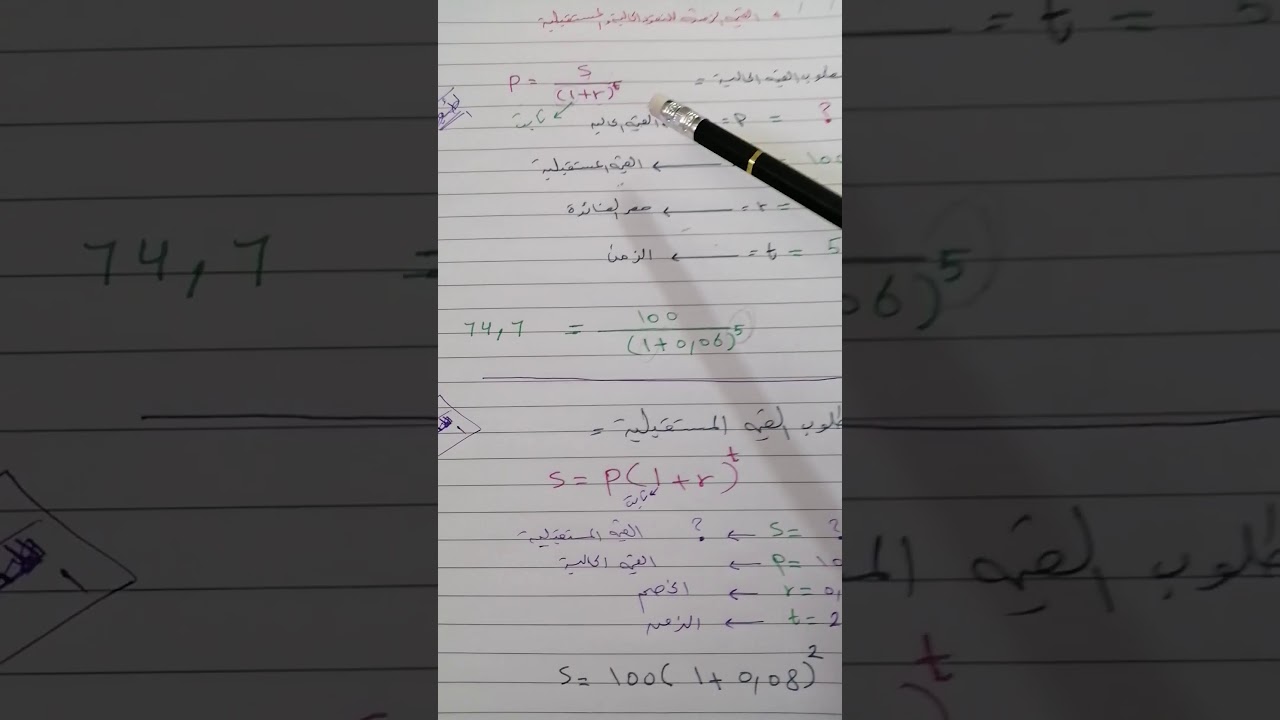 القيمه الزمنيه للنقود الحاليه والمستقبليه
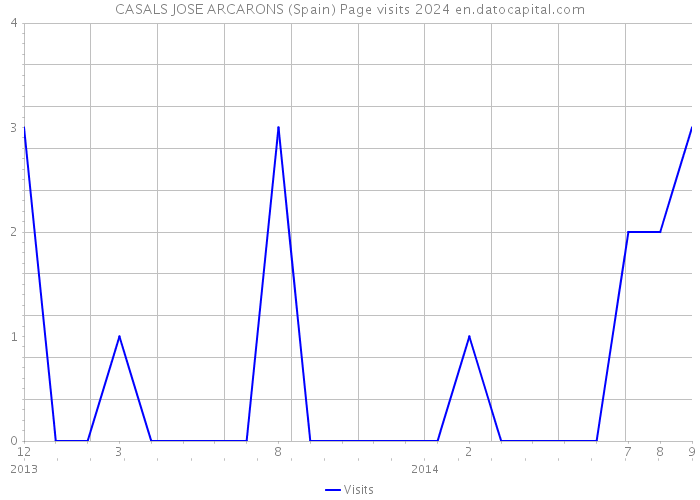CASALS JOSE ARCARONS (Spain) Page visits 2024 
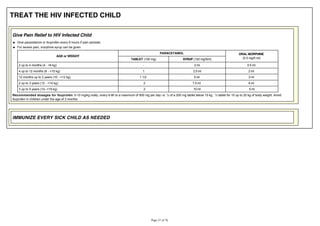 TREAT THE HIV INFECTED CHILD
Give Pain Relief to HIV Infected Child
Give paracetamol or ibuprofen every 6 hours if pain persists.
For severe pain, morphine syrup can be given.
AGE or WEIGHT
PARACETAMOL ORAL MORPHINE
(0.5 mg/5 ml)TABLET (100 mg) SYRUP (120 mg/5ml)
2 up to 4 months (4 - <6 kg) - 2 ml 0.5 ml
4 up to 12 months (6 - <10 kg) 1 2.5 ml 2 ml
12 months up to 2 years (10 - <12 kg) 1 1/2 5 ml 3 ml
2 up to 3 years (12 - <14 kg) 2 7.5 ml 4 ml
3 up to 5 years (14 -<19 kg) 2 10 ml 5 ml
Recommended dosages for ibuprofen
ibuprofen in children under the age of 3 months.
IMMUNIZE EVERY SICK CHILD AS NEEDED
 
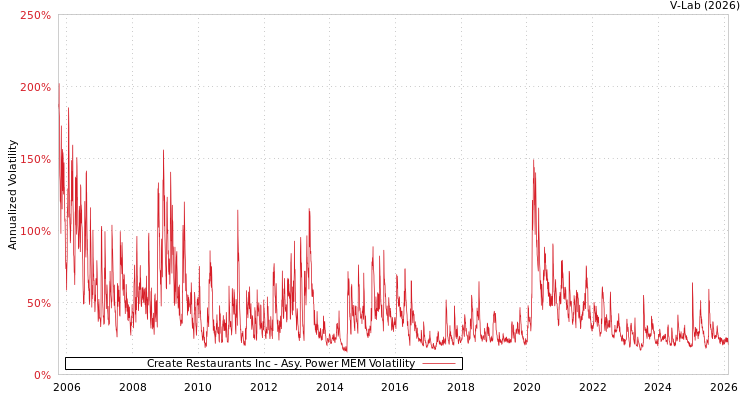 graph of Create Restaurants Inc APMEM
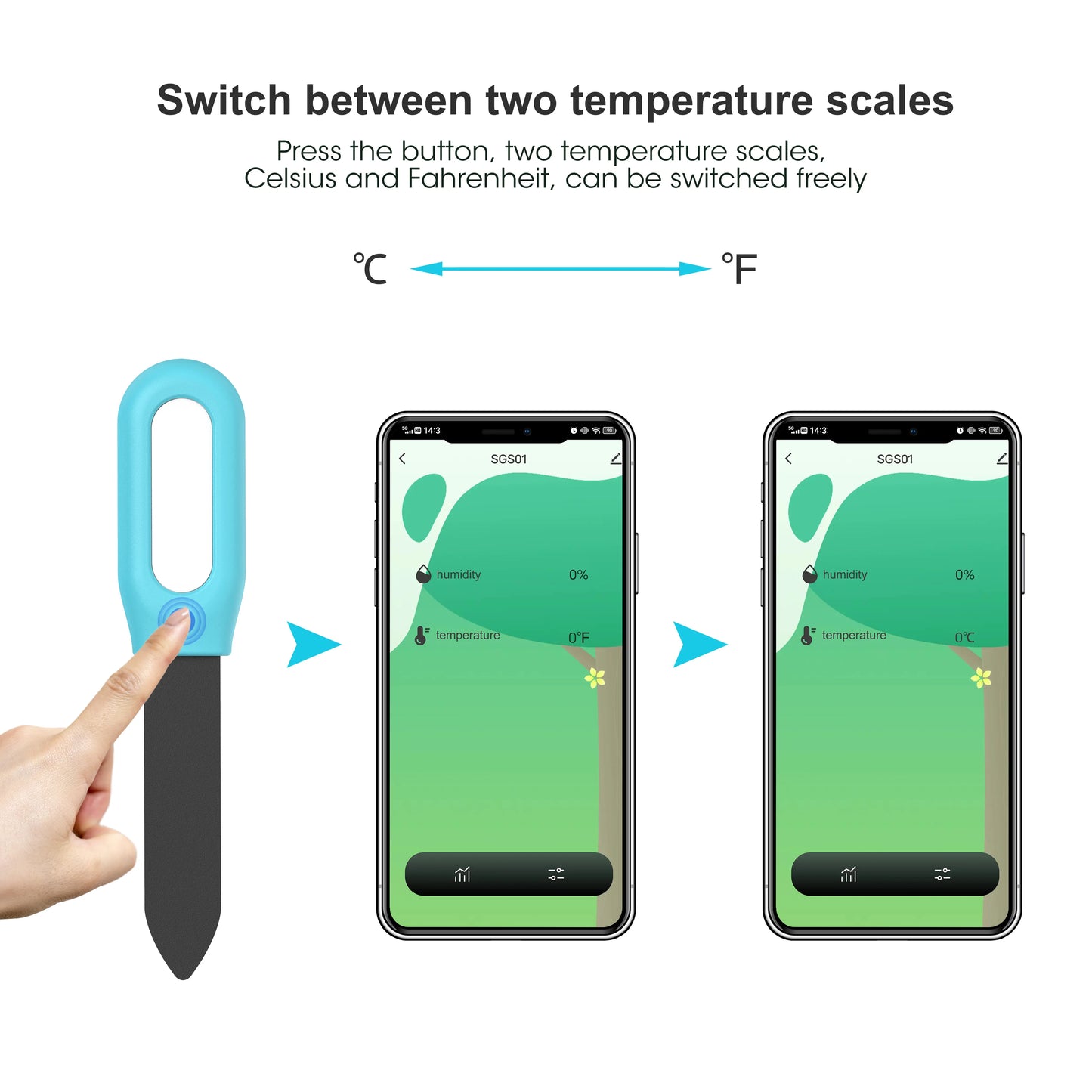 Smart Soil Tester Temperature and Humidity Meter  Garden Automation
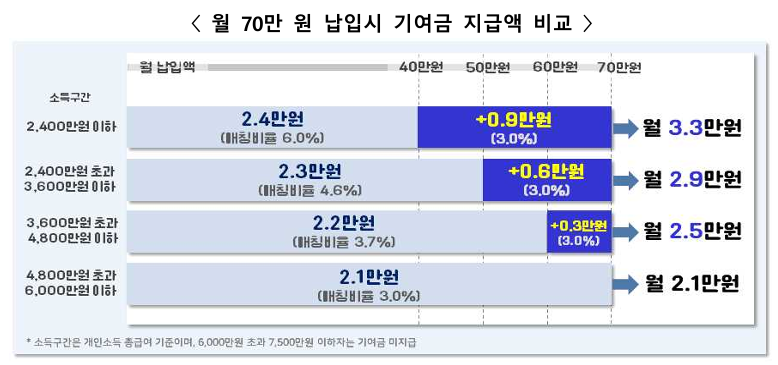 2025 청년도약계좌 정부기여금 혜택 및 1월 신청방법과 기간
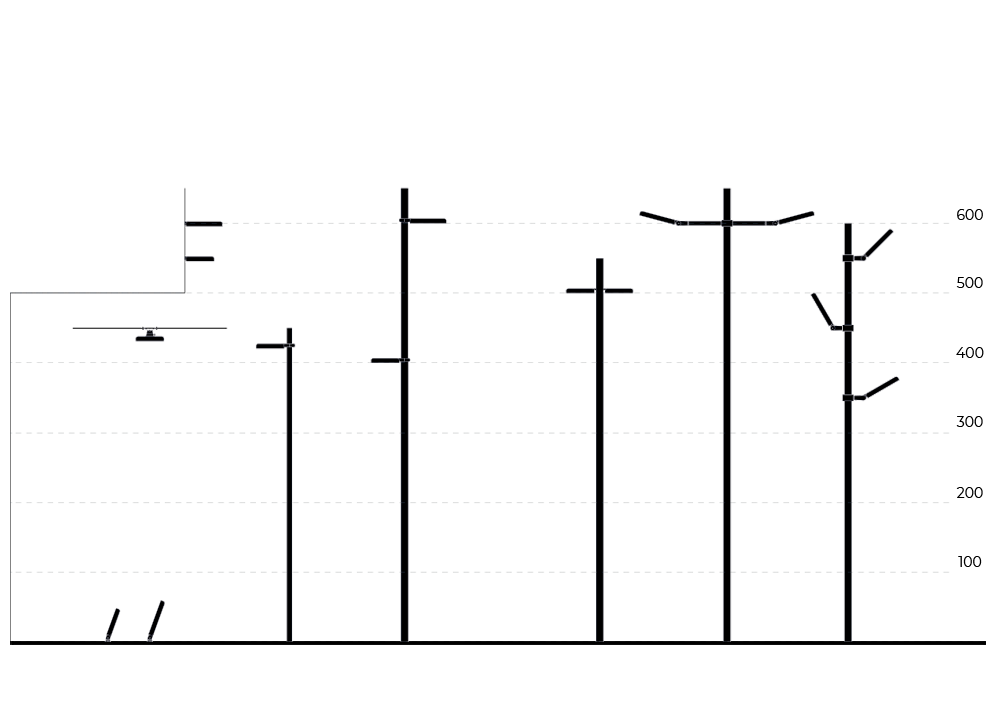 Levante 2.0 Eco Centric Lighting from Cariboni Group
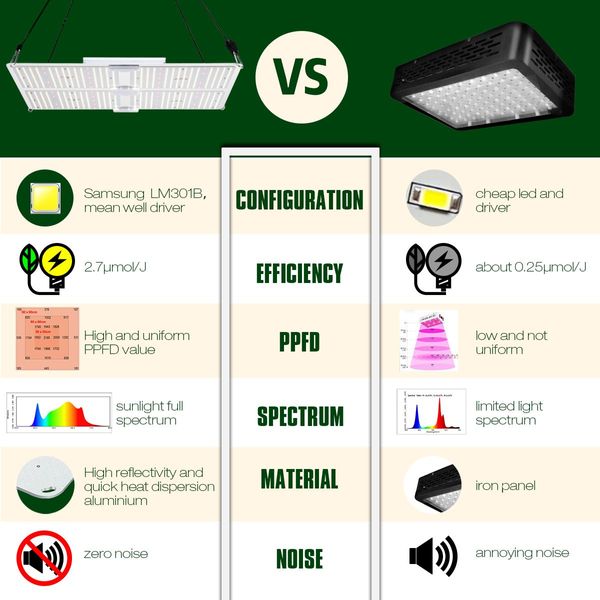 4000W Indoor Full Spectrum Dimmer Adjustable Led Plant Grow Light W/Samsung Lm301B For Higher Yield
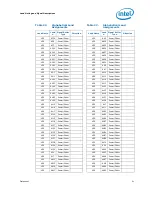 Предварительный просмотр 51 страницы Intel BX80571E5300 - Pentium 2.6 GHz Processor Datasheet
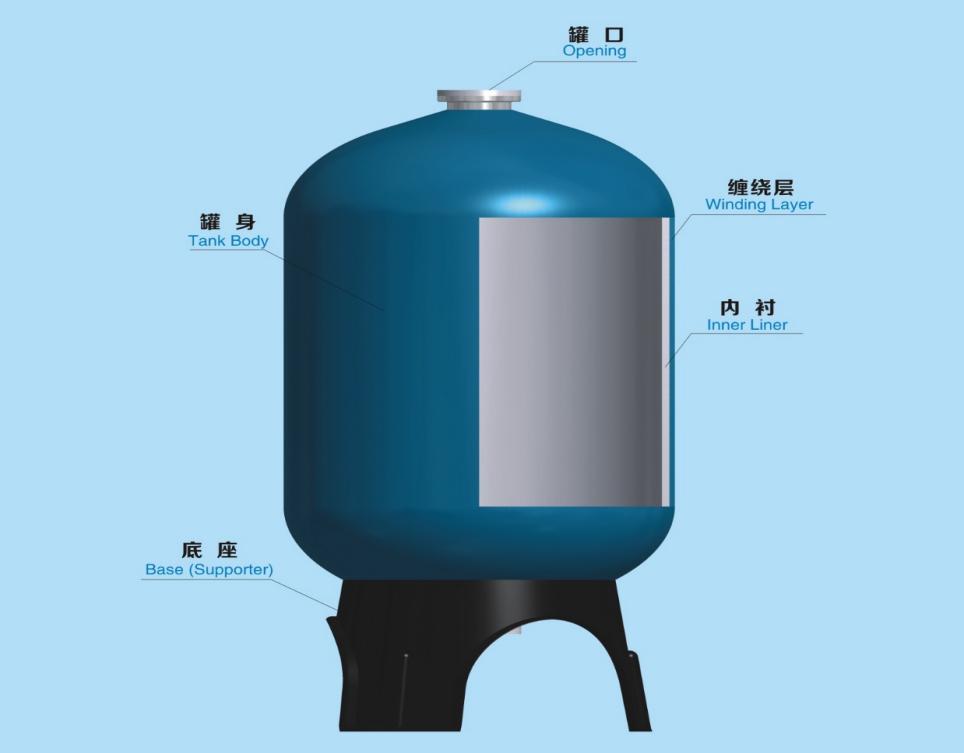 PE Liner Sand Filter Tanks Διάμετρος από 6 ίντσες έως 72 ίντσες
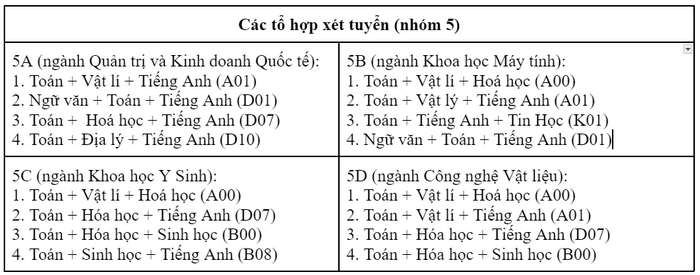 Tài liệu VietJack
# # #
• Assignment
Give back each of the records above word for word, apart from the pictures.

• Reply
 القيمه الزمنيه للنقود الحاليه والمستقبليه
CASALS JOSE ARCARONS (Spain) Page visits 2024 
 TREAT THE HIV INFECTED CHILD
Give Pain Relief to HIV Infected Child
Give paracetamol or ibuprofen every 6 hours if pain persists.
For severe pain, morphine syrup can be given.
AGE or WEIGHT
PARACETAMOL ORAL MORPHINE
(0.5 mg/5 ml)TABLET (100 mg) SYRUP (120 mg/5ml)
2 up to 4 months (4 - <6 kg) - 2 ml 0.5 ml
4 up to 12 months (6 - <10 kg) 1 2.5 ml 2 ml
12 months up to 2 years (10 - <12 kg) 1 1/2 5 ml 3 ml
2 up to 3 years (12 - <14 kg) 2 7.5 ml 4 ml
3 up to 5 years (14 -<19 kg) 2 10 ml 5 ml
Recommended dosages for ibuprofen
ibuprofen in children under the age of 3 months.
IMMUNIZE EVERY SICK CHILD AS NEEDED
 
 graph of Create Restaurants Inc APMEM
 Smart Soil Tester Temperature and Humidity Meter  Garden Automation
 2025 청년도약계좌 정부기여금 혜택 및 1월 신청방법과 기간
 Levante 2.0 Eco Centric Lighting from Cariboni Group
 4000W Indoor Full Spectrum Dimmer Adjustable Led Plant Grow Light W/Samsung Lm301B For Higher Yield
 Предварительный просмотр 51 страницы Intel BX80571E5300 - Pentium 2.6 GHz Processor Datasheet
 PE Liner Sand Filter Tanks Διάμετρος από 6 ίντσες έως 72 ίντσες
 Tài liệu VietJack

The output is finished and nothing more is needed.